---- Extracted data
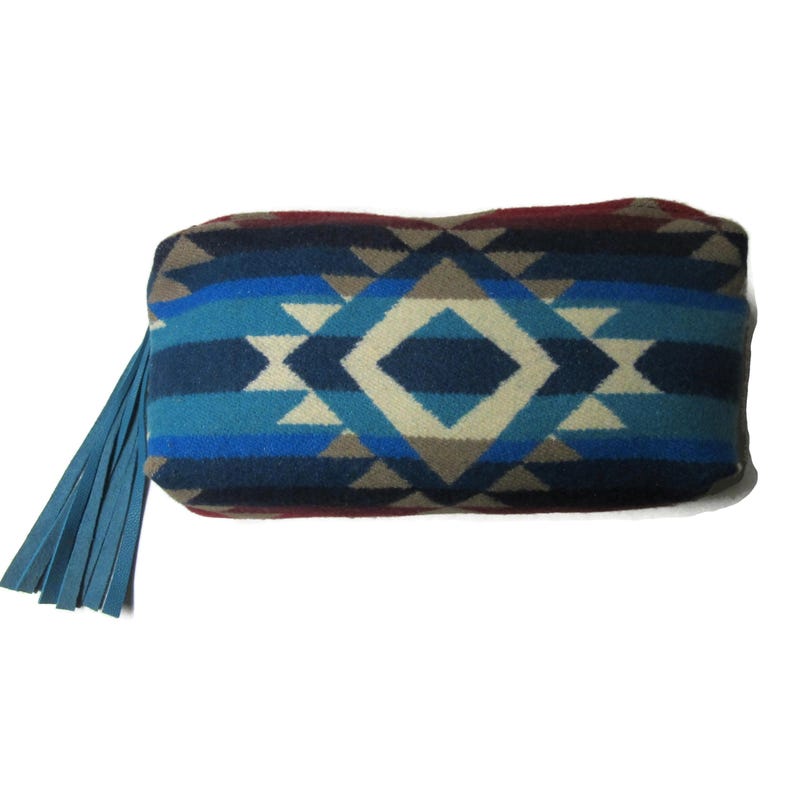 May include: A rectangular clutch with a geometric pattern in shades of blue, gray, and cream. The clutch has a blue leather fringe on one end. The design features diamond and triangle shapes.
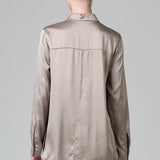 Back view of stone stretch silk satin regular fit shirt on model wearing chalk pants against a grey background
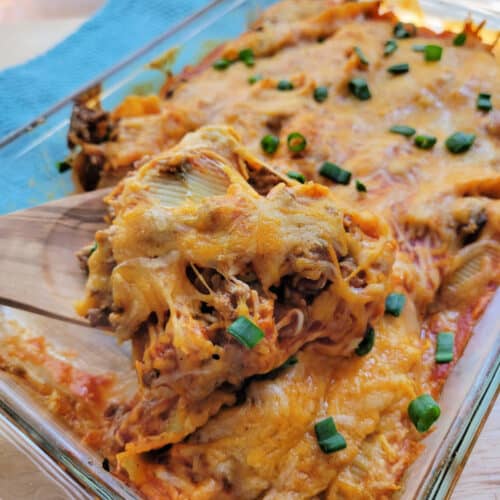 Square cropped image Taco Stuffed Shells in a casserole dish with a wooden spoon.
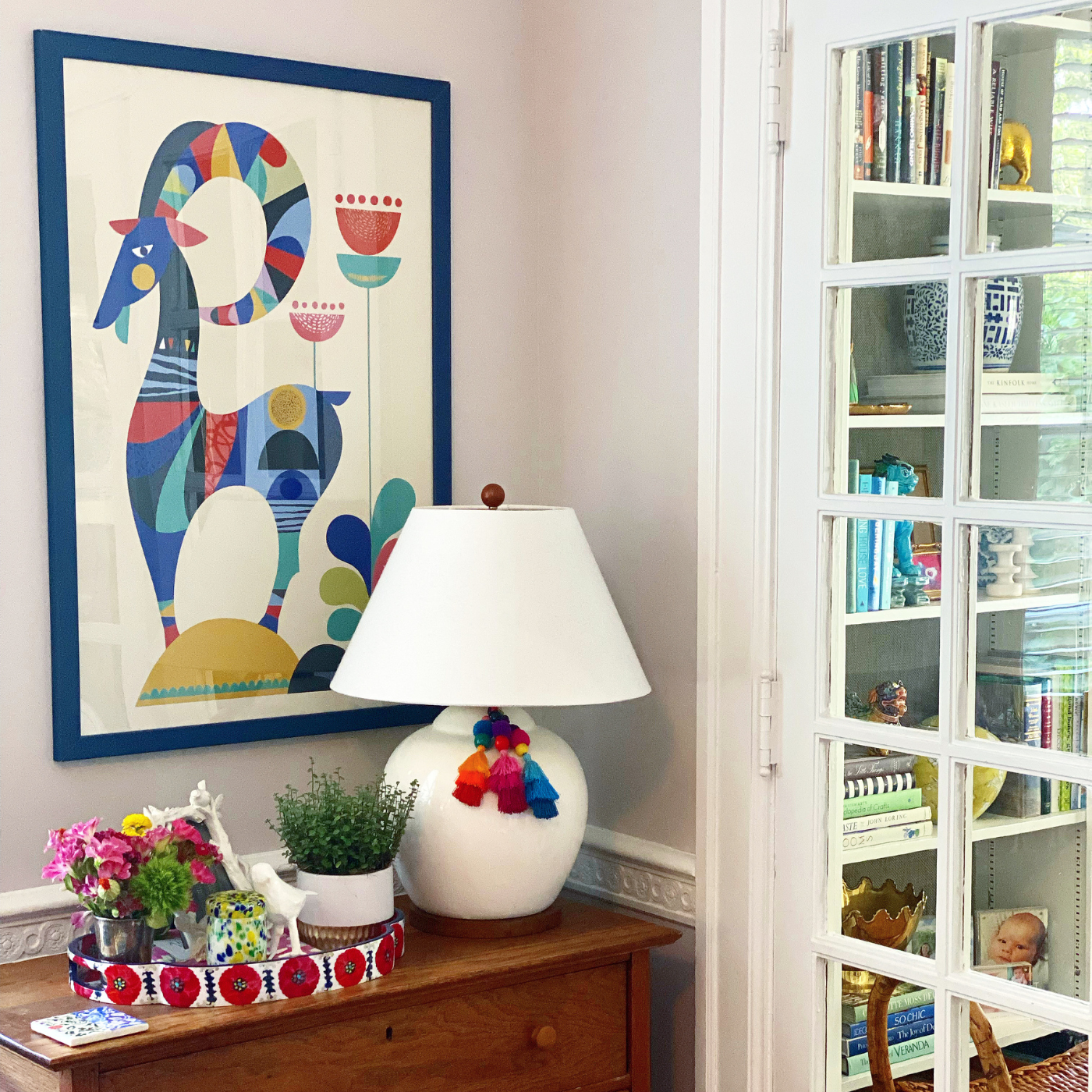 A corner of a playroom, featuring a wooden dresser with a large print of an illustration of a blue goat standing on a small green hill with two red flowers hanging on the wall over the dresser. On the dresser is a small white tray with red floral accents on its edge. On the tray are small flower arrangements. A low white lamp is to the right of the tray. It has a white lampshade and fabric tassels in blue, orange and red. A room with a built-in bookshelf filled with books and small knick knacks is visible through a glass-paned door to the right of the lamp.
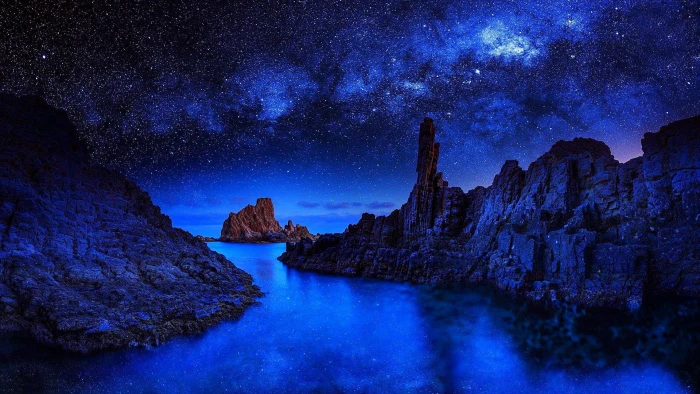 starry stars sea water reflection landscape rock darkness 2k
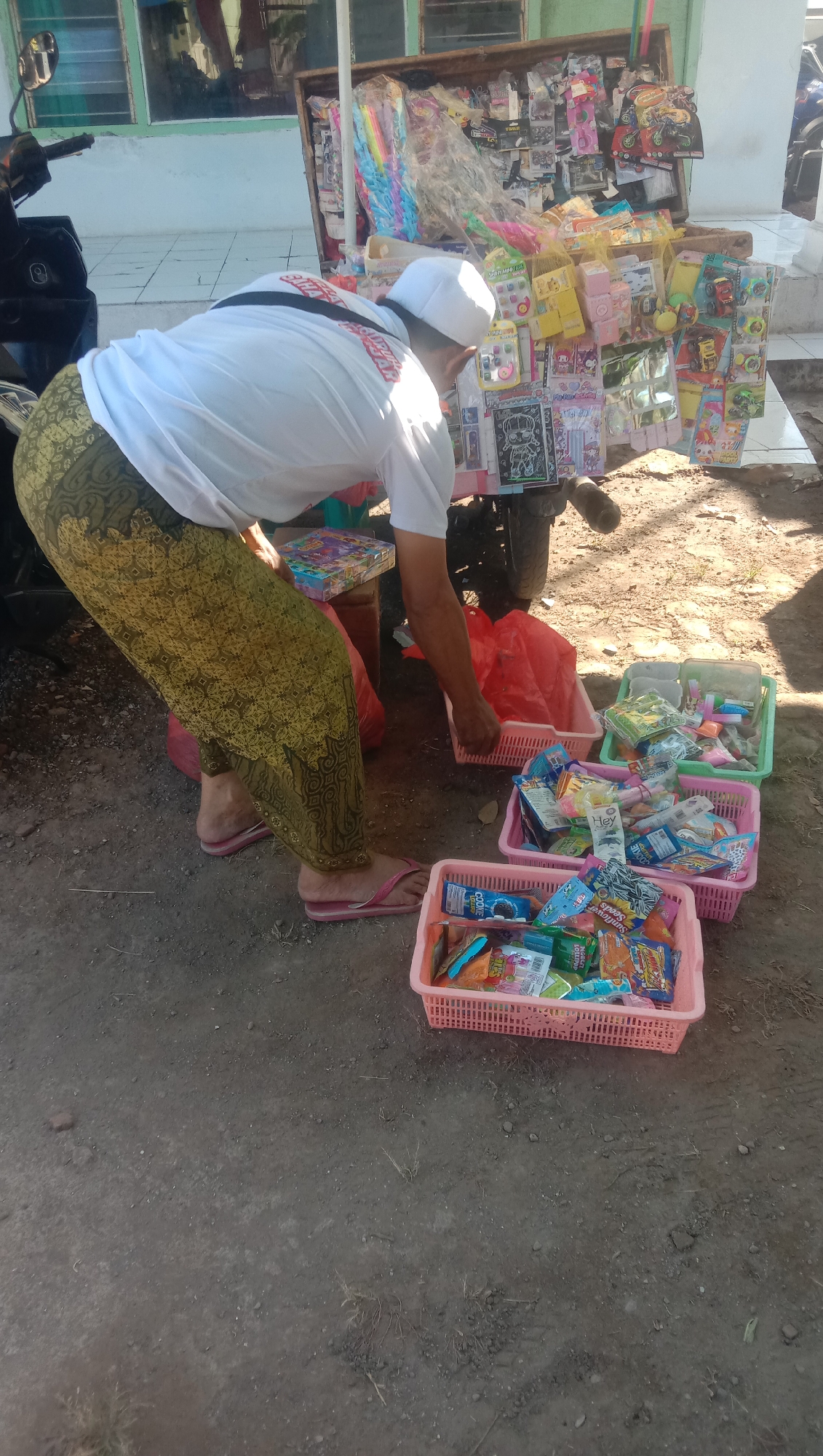 A person, wearing a white t-shirt, a white peci hat, and a patterned sarong, is bent over a small mobile cart loaded with various toys and snacks. The cart is positioned on a dirt ground next to a paved area. In front of the cart, there are at least four plastic baskets filled with individually packaged snacks. The person appears to be arranging or selecting items from the cart. The background shows a building with windows and a motorcycle parked to the left. The scene is likely outdoors in a public area, possibly a street market or roadside stall. The location is identified as Ngempit, Indonesia.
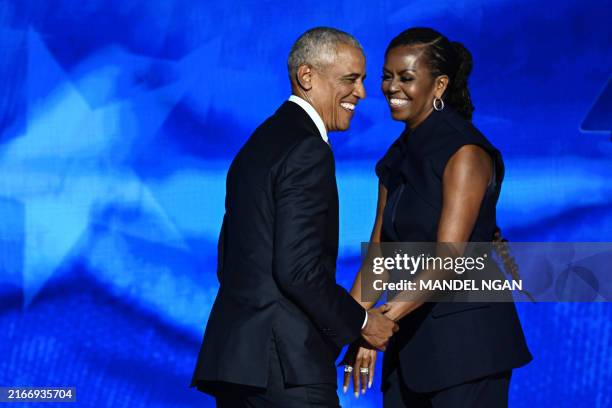 Former US President Barack Obama arrives onstage after his wife and former First Lady Michelle Obama introduced him on the second day of the...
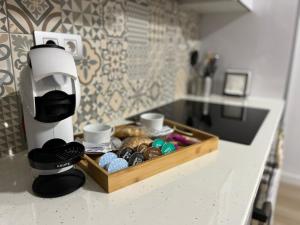 a coffee machine sitting on a counter next to a tray of pastries at alisios loft in Las Palmas de Gran Canaria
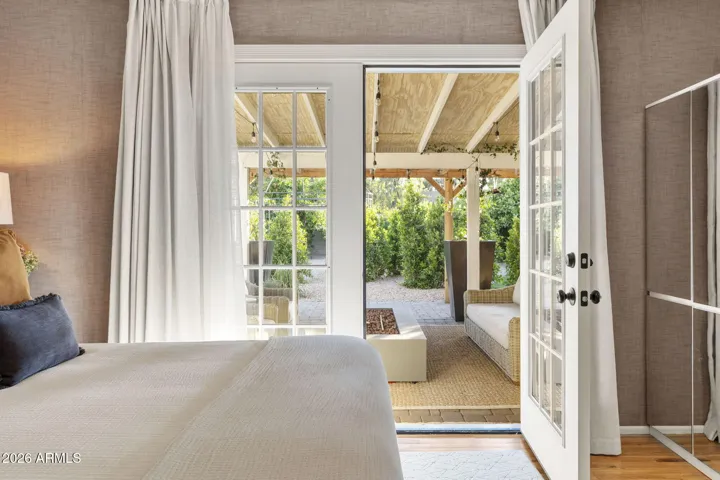 Primary bedroom French doors to back patio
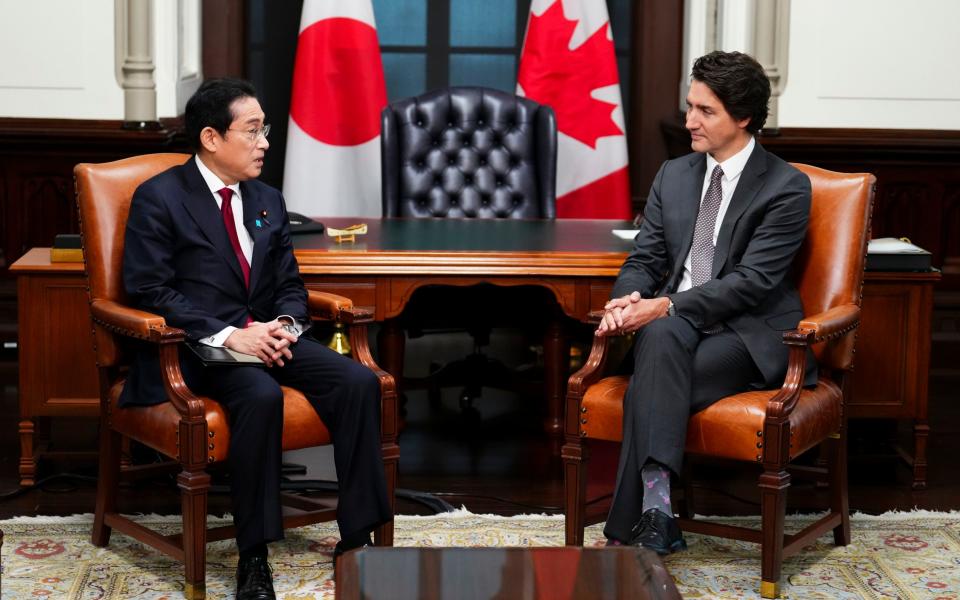 Fumio Kishida, seen here meeting Justin Trudeau, the Canadian prime minister, on Thursday, is touring G7 countries - Sean Kilpatrick/The Canadian Press via AP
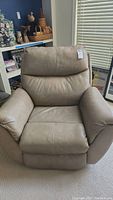 Front view of the beige leather recliner chair showing overall condition and upholstery.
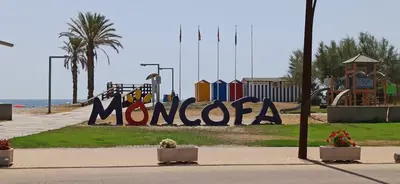 a playground with a sign that says monocasta at Apartamento Aguamarina - Playa Moncofa in Moncófar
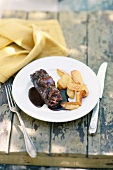 Ox roulade with red wine sauce and baked potatoes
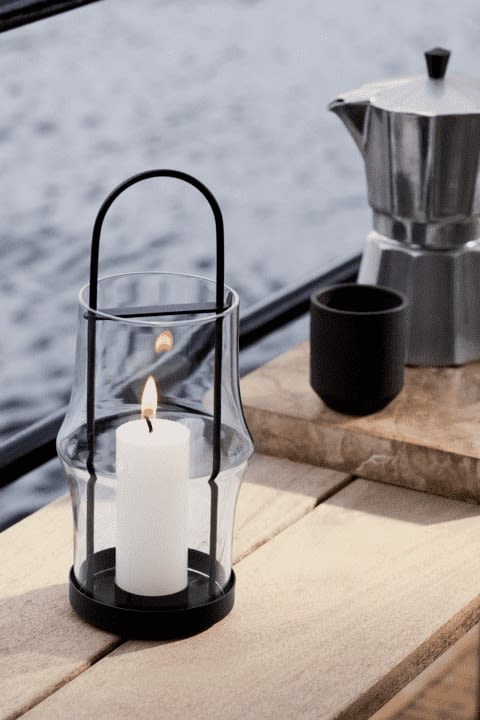 Lantaarns en windlichten voor buiten - hier zie je de Arc lantaarn van Holmegaard buiten staan met een kaars erin.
--------
- _Work task_: Please print the entries shown above again, exactly, and skip the pictures.

- _Reply_:
 May include: A rectangular clutch with a geometric pattern in shades of blue, gray, and cream. The clutch has a blue leather fringe on one end. The design features diamond and triangle shapes.
 Back view of stone stretch silk satin regular fit shirt on model wearing chalk pants against a grey background
 Square cropped image Taco Stuffed Shells in a casserole dish with a wooden spoon.
 A corner of a playroom, featuring a wooden dresser with a large print of an illustration of a blue goat standing on a small green hill with two red flowers hanging on the wall over the dresser. On the dresser is a small white tray with red floral accents on its edge. On the tray are small flower arrangements. A low white lamp is to the right of the tray. It has a white lampshade and fabric tassels in blue, orange and red. A room with a built-in bookshelf filled with books and small knick knacks is visible through a glass-paned door to the right of the lamp.
 starry stars sea water reflection landscape rock darkness 2k
 A person, wearing a white t-shirt, a white peci hat, and a patterned sarong, is bent over a small mobile cart loaded with various toys and snacks. The cart is positioned on a dirt ground next to a paved area. In front of the cart, there are at least four plastic baskets filled with individually packaged snacks. The person appears to be arranging or selecting items from the cart. The background shows a building with windows and a motorcycle parked to the left. The scene is likely outdoors in a public area, possibly a street market or roadside stall. The location is identified as Ngempit, Indonesia.
 Former US President Barack Obama arrives onstage after his wife and former First Lady Michelle Obama introduced him on the second day of the...
 a coffee machine sitting on a counter next to a tray of pastries at alisios loft in Las Palmas de Gran Canaria
 Primary bedroom French doors to back patio
 Fumio Kishida, seen here meeting Justin Trudeau, the Canadian prime minister, on Thursday, is touring G7 countries - Sean Kilpatrick/The Canadian Press via AP
 Front view of the beige leather recliner chair showing overall condition and upholstery.
 a playground with a sign that says monocasta at Apartamento Aguamarina - Playa Moncofa in Moncófar
 Ox roulade with red wine sauce and baked potatoes
 Lantaarns en windlichten voor buiten - hier zie je de Arc lantaarn van Holmegaard buiten staan met een kaars erin.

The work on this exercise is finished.